Io stesso posso testimoniare, che nessuna delle mie richieste è mai stata messa da parte. Ero in una posizione privilegiata, perché potevo chiedere aiuto attraverso le sue mani. Comunque, immagino che non sarebbe stato diverso. Chiedevo aiuto il più delle volte, quando ci mancavano i fondi per completare il lavoro che avevamo iniziato. Cosi era nel caso della costruzione della biblioteca, e più tardi del collegio a Biro in Benin, e più tardi anche della chiesa. Posso dire che la biblioteca e il collegio oggi esistono e servono ai giovani grazie alla sensibilità dei cuori delle Suore Claveriane. Quando si è dovuto aspettare un po' di tempo per consegnare il progetto, suor Maria personalmente con semplicità scriveva: “Spero, che non c’è troppa fretta”.

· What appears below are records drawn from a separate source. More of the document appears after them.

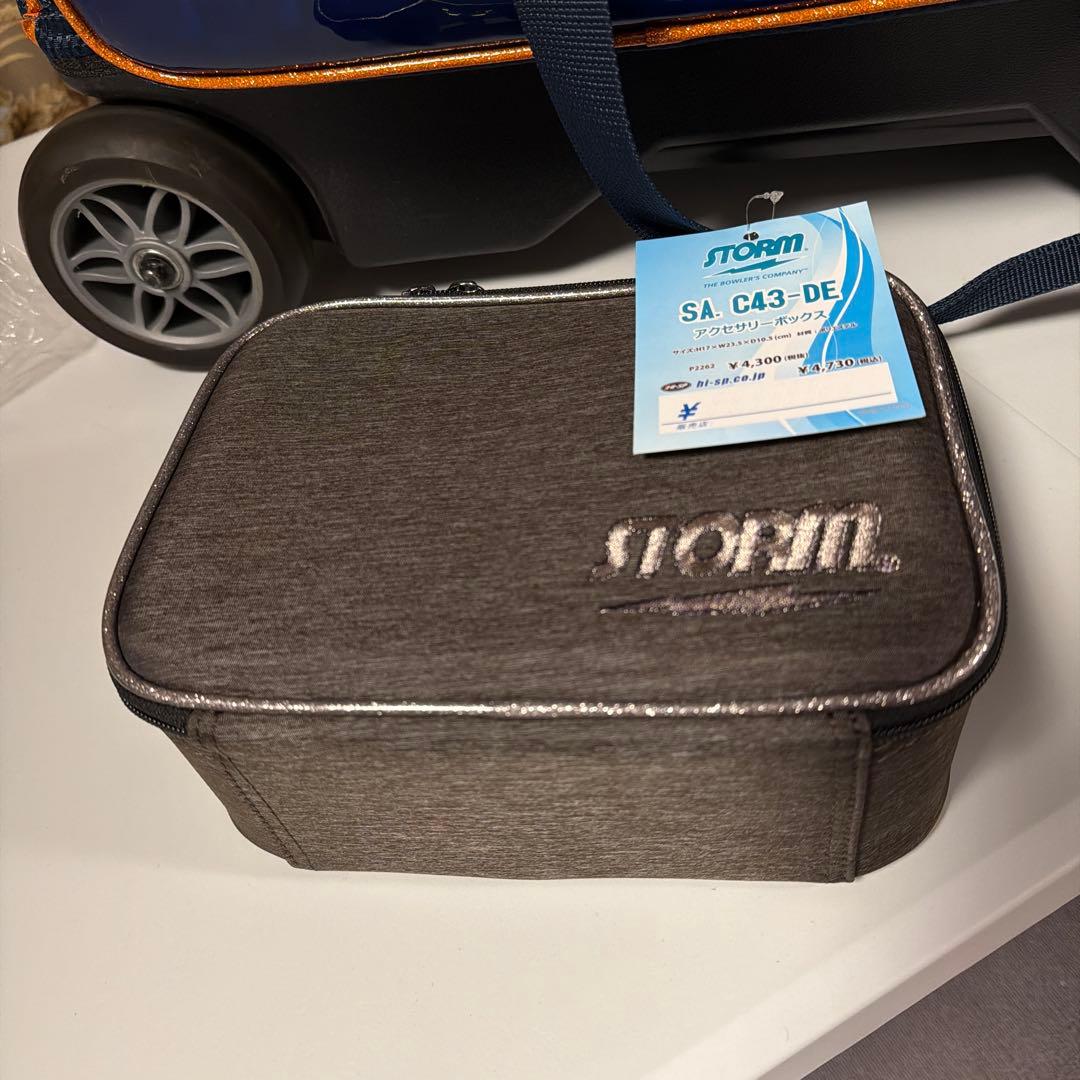 おまけ付！STORM 3個入りボウリング用バッグ ネイビーブルー/オレンジ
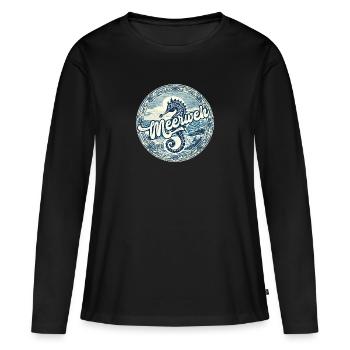 Seaache Seahorse - Women's Premium Organic Long Sleeve Shirt - black - Front - Julia (174cm)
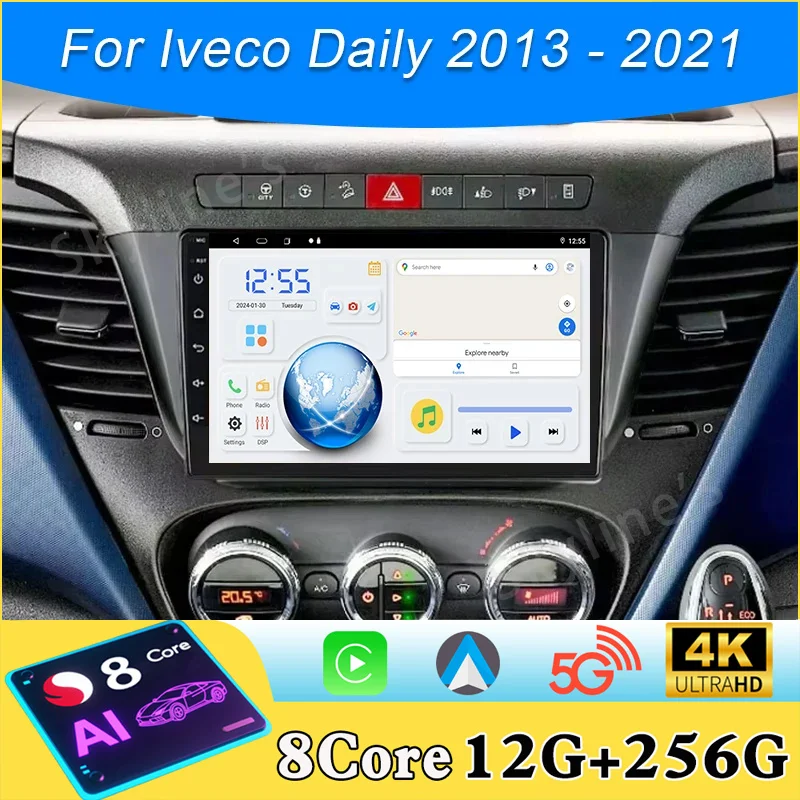 Android 16 WIFI+4G 360 Camera Carplay Auto For Iveco Daily 2013 2014 2015 2016 2017- 2021 Car Radio Multimedia Player GPS Stereo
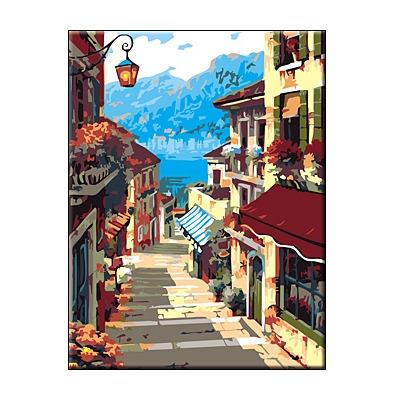 Картина по номерам Рыжий кот Р - 5476 «Улица у моря» 40*50 см в интернет-магазине Швейпрофи.рф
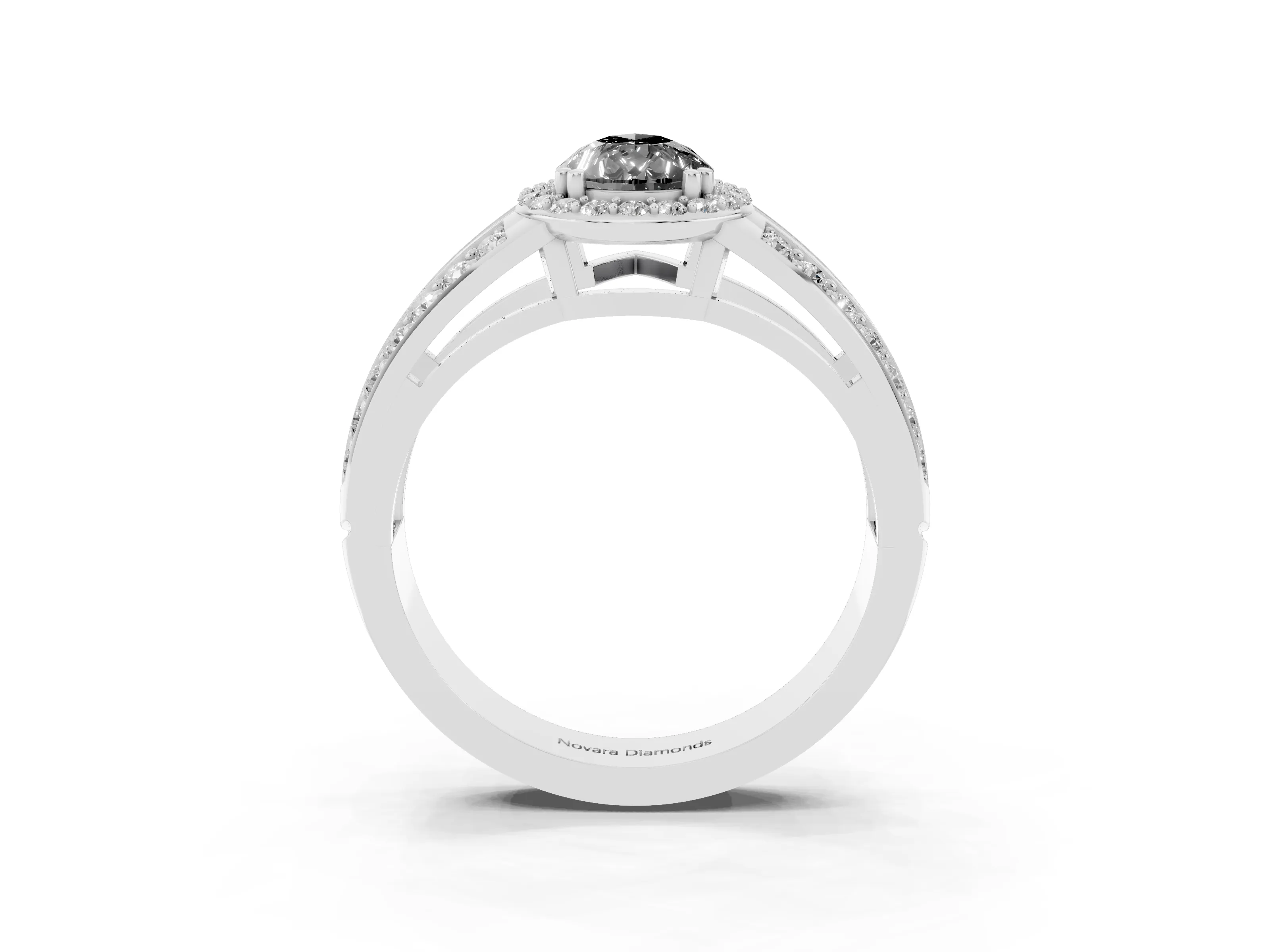 Fancy Black Pear Cut Diamond Halo Ring Set in Silver with Double Pavé Split Shank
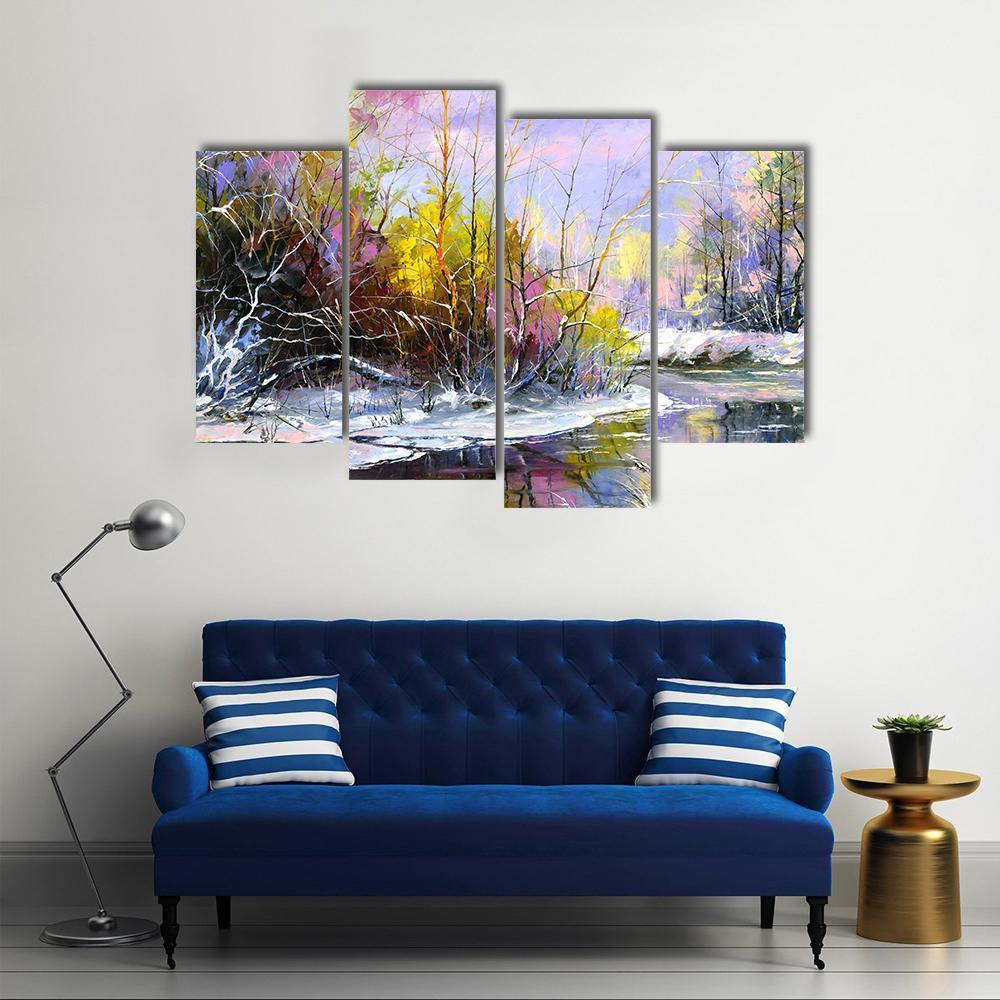 Winter Landscape With Wood River Canvas Wall Art-4 Pop-Gallery Wrap-50" x 32"-Tiaracle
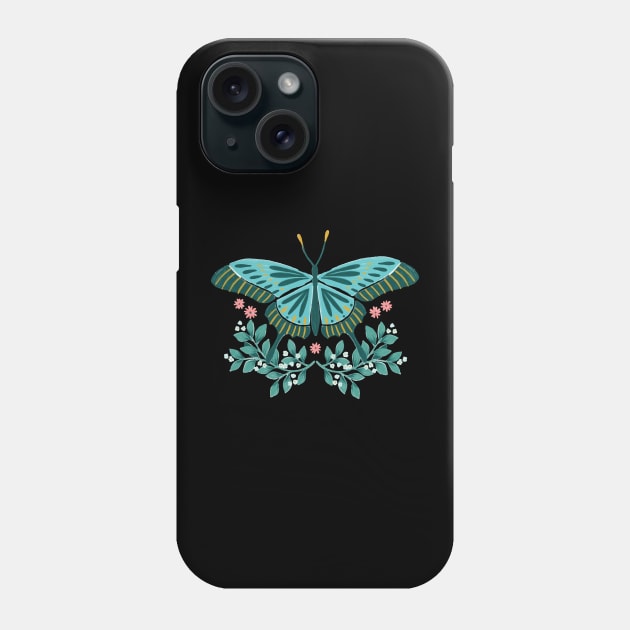 Cyan Butterfly Phone Case by YuanXuDesign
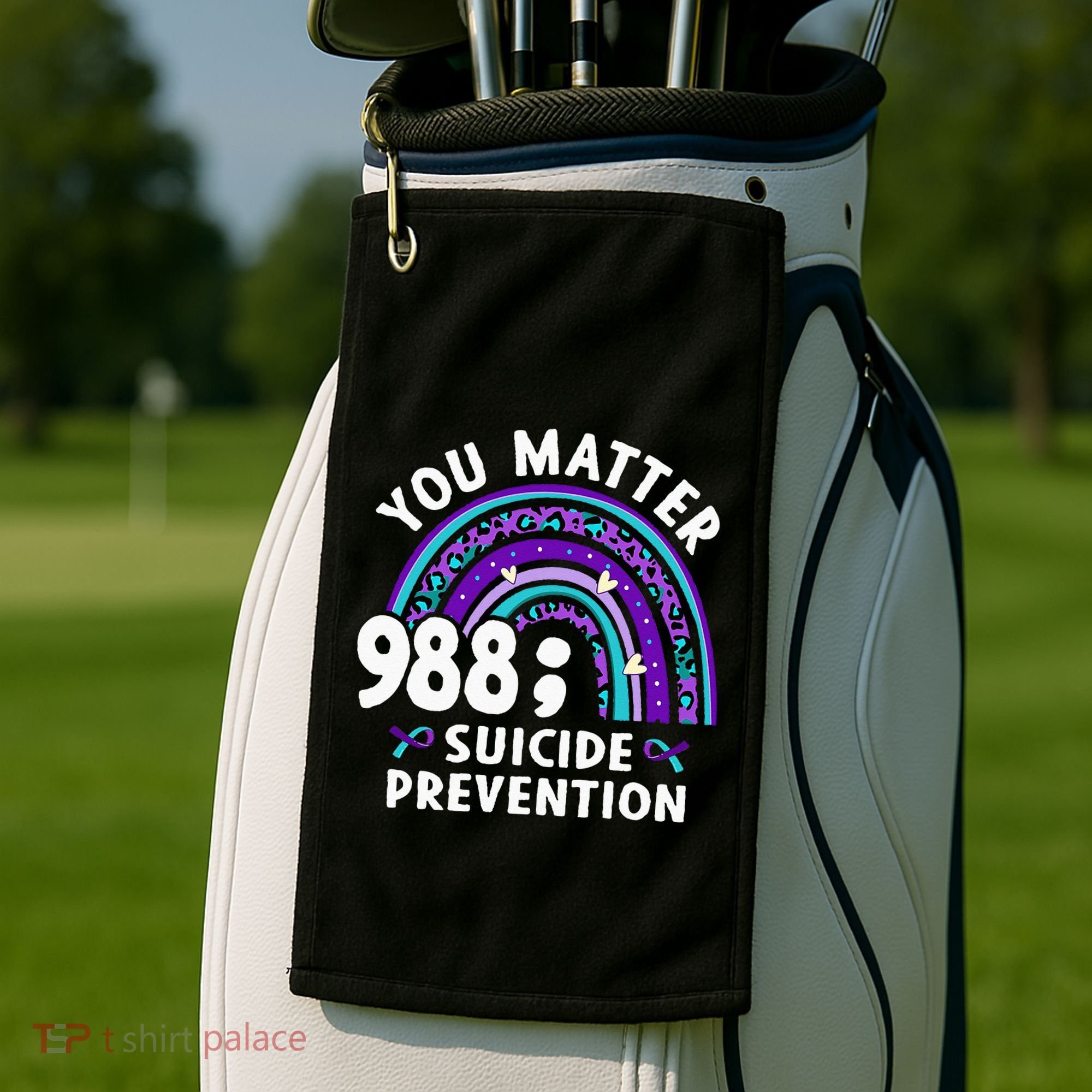Rainbow You Matter 988 Suicide Prevention Awareness Ribbon Golf Towel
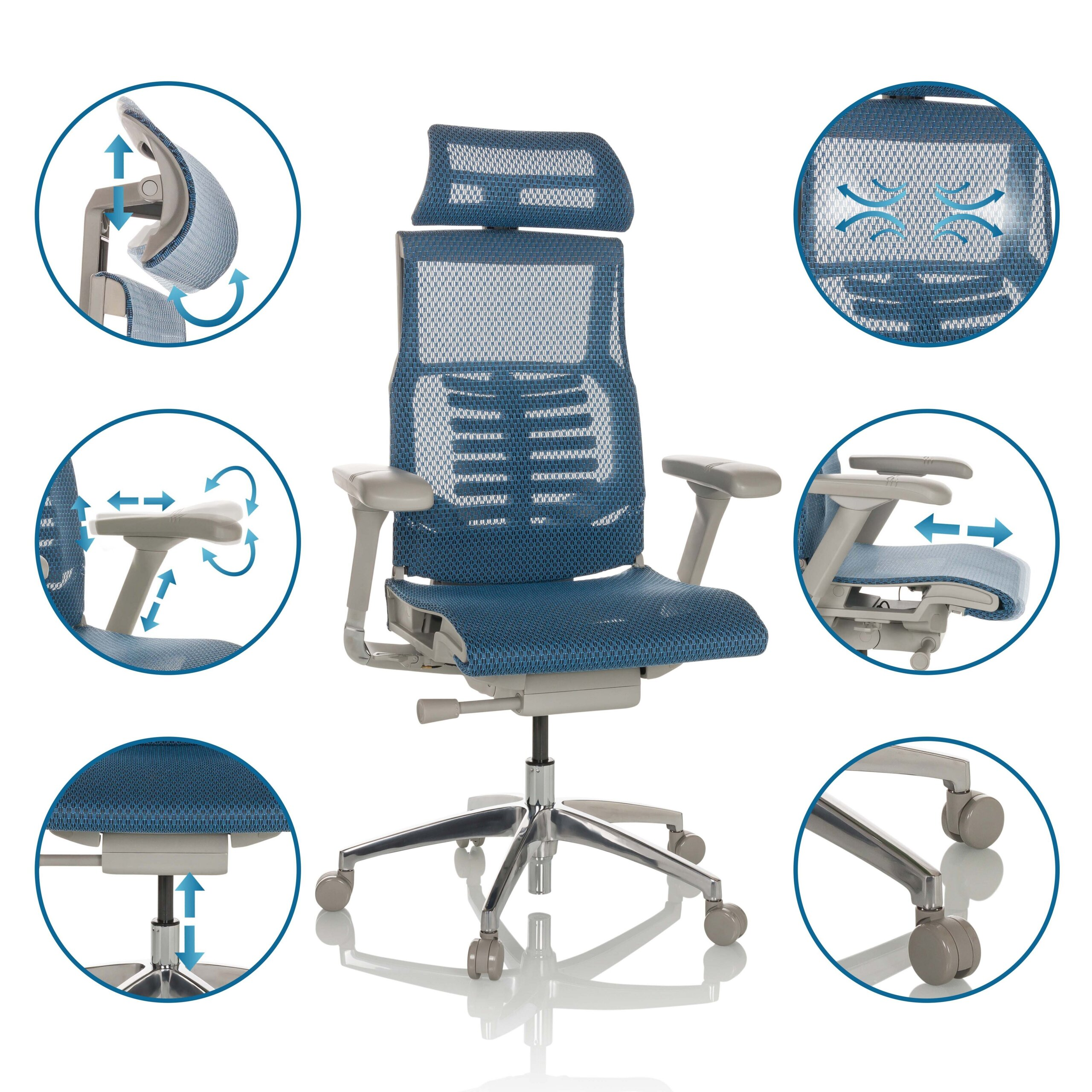 Ergonomischer blauer Netzstuhl mit grauen Akzenten und sechs Detailaufnahmen von Funktionen.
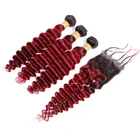 Red Hair Free Sample Raw 1b/Burgundy# Deep Wave RED Virgin Peruvian Human Hair Supplier Ombre Human Hair Bundles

Molte volte a nome della comunità ho chiesto aiuto sotto la forma dei stipendi delle Sante Messe. Non ho mai ricevuto una risposta negativa. Succedeva, che non scrivevo per lungo tempo e, oltre a chiedere una preghiera, non ho presentato alcun progetto. In queste situazioni ricevevo da suor Maria la lettera piena di preoccupazione: "Sei sicuro di non aver bisogno di niente?”
Dalla mia attuale missione a Biro in Benin, più volte indirizzavo a Suor Maria l’invito, che Suore Claveriane, a fra di loro anche essa, venissero a visitare la nostra missione e vedano con i propri occhi per che cosa sono stati spesi i soldi che ci hanno dato per aiutarci. Mi sembrava che fosse già convinta che una tale visita sarebbe stata utile. Purtroppo, la notizia di una grave malattia aveva infranto i piani. Adesso vede meglio dal cielo. Spero, che ispiri le suore all’idea che una visita di questo tipo sarebbe ancora utile.
Considero un onore poter scrivere queste poche parole di memoria. Allo stesso tempo, mi sento insoddisfatto, che questo sia troppo poco. Così lascio questo ricordo come incompiuto.